Is Austerity Class Politics?

See video below for a discussion of this theme (hat tip Barry Ritholtz). This is a very good video for learning about how debt deflationary spirals are created by the "fallacy of composition" and how it applies to countries in a balance sheet recession like the US, the US, Spain or Ireland.

Source: ‘Austerity’ Video Launches New Media Initiative – Brown University

  1. Intelledgement LLC says

    Spending on roads and police and teachers and firemen is one thing. Spending my tax dollars to keep spendthrifts in homes they should never have bought and can’t pay for while I have to keep paying my mortgage, and to keep insolvent banks going so they can pay their execs big bonuses while I am scrambling to find enough clients to keep afloat is quite another. Seems to me that the problem is that the politicians and bureaucrats making the spending allocation decisions—who are supposed to be working for me and Prof. Blyth—are instead beholden to those who can afford high-powered lobbyists and big political contributions. If I have to choose between having my tax dollars misspent or not spent, I choose the latter.

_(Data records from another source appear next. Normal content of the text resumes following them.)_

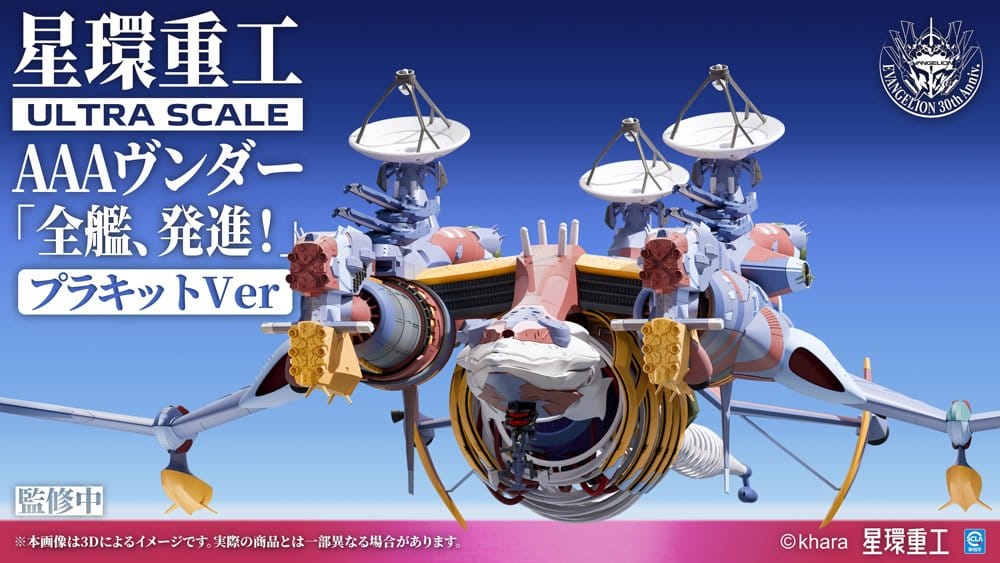 Evangelion:3.0+1.0 Thrice Upon A Time plastbyggsats Ultra Scale AAA Wunder Deluxe Ver. 103 cm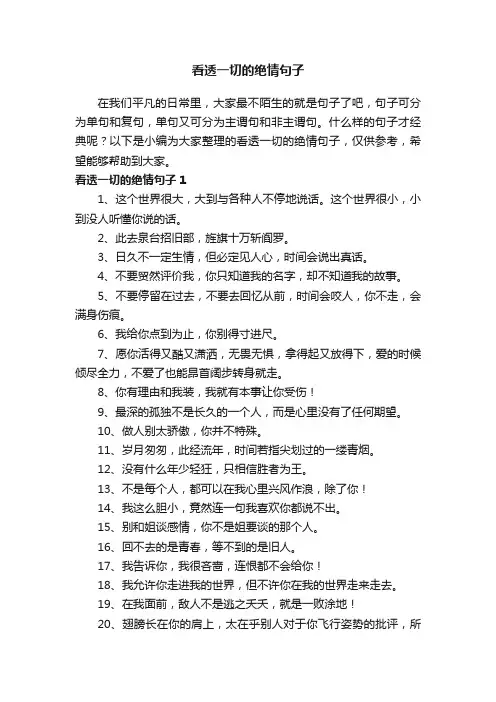 看透一切的绝情句子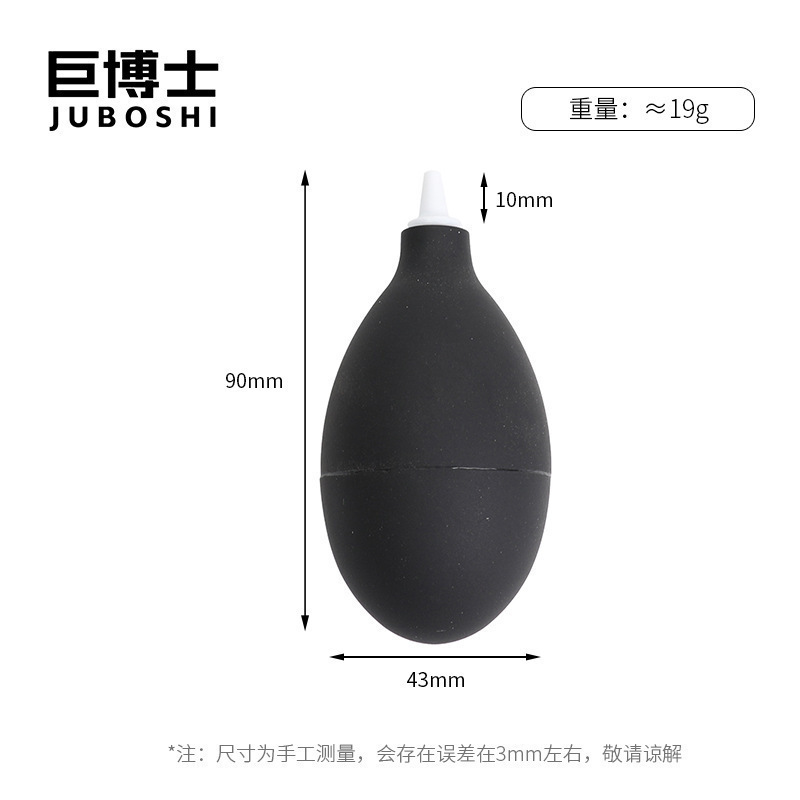 吹尘球单反键盘除吸尘多肉气吹尘器大号硅胶金属嘴气吹尘厂家供应|undefined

    1. Edward Harrison says

      I think that’s what a lot of the new found austerity is about. The way stimulus was applied and the way the banks were bailed out, the way the auto unions made out makes it seem as if “stimulus” is a euphemism for political favours. There’s a lot of truth in that. And this true as much in the UK with its bank bailouts as in the US. I can’t support another round of stimulus for that reason. Add to this the large deficits, and this makes people uneasy.

      I would argue for an increase in automatic stabilizers as the main source of stimulus. In my view this has been helpful to the Germans, the Swedes, and the Dutch in weathering the storm. But make no bones about it, they are in a better position than the US because they lack the high private sector debt. And we all know Spain and Ireland have European-style automatic stabilizers.

      Bottom line for me is that the US is in for a tough ride. Austerity risks a debt deflationary spiral and stimulus risks wasteful and politically-motivated spending. The focus should be on closing the output gap and getting closer to full employment, thus reducing the deficit, rather than focusing on the deficit itself per se. The best alternatives I have seen to date are (temporary) payroll tax cuts, increased automatic stabilizers (directed toward states in particular), infrastructure rebuilding and jobs programs in place of unemployment insurance alone. I think we could get the general public onboard with fixing the crumbling infrastructure and re-upping the Bush tax cuts for two years but re-directing the tax cuts for the wealthy to payroll tax cuts.